## INFORMATION SUPPLIED

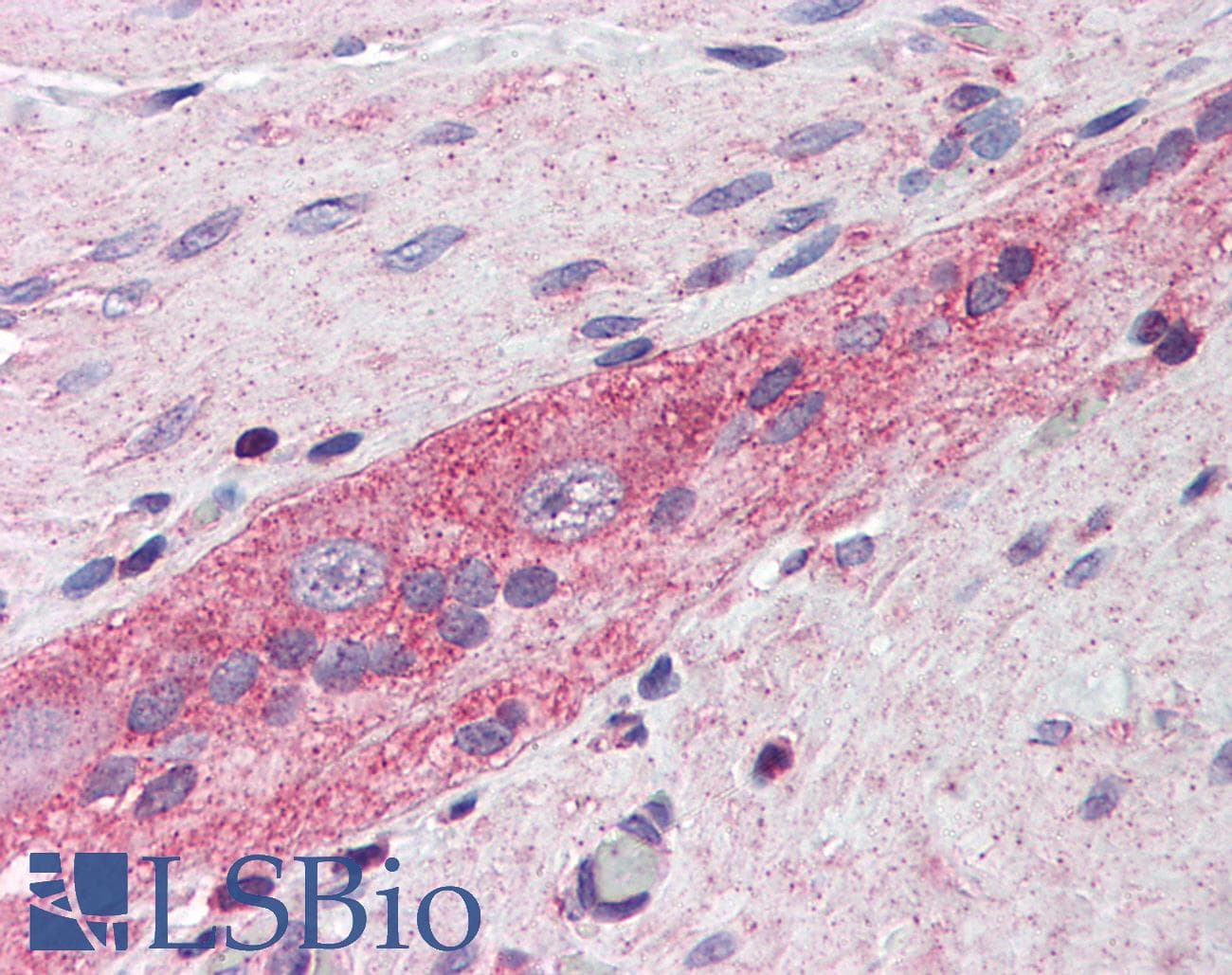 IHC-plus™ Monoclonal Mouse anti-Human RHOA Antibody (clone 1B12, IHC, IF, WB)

--

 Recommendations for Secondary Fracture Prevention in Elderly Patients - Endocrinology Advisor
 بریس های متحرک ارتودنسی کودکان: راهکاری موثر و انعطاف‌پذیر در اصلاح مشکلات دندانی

## REQUIREMENT
What is needed is a verbatim copy of every line in the records above from the one containing "Recommendations for Secondary" down to the one containing "بریس های متحرک", both included, and nothing more.

## EXERCISE ANSWER
 Recommendations for Secondary Fracture Prevention in Elderly Patients - Endocrinology Advisor
 بریس های متحرک ارتودنسی کودکان: راهکاری موثر و انعطاف‌پذیر در اصلاح مشکلات دندانی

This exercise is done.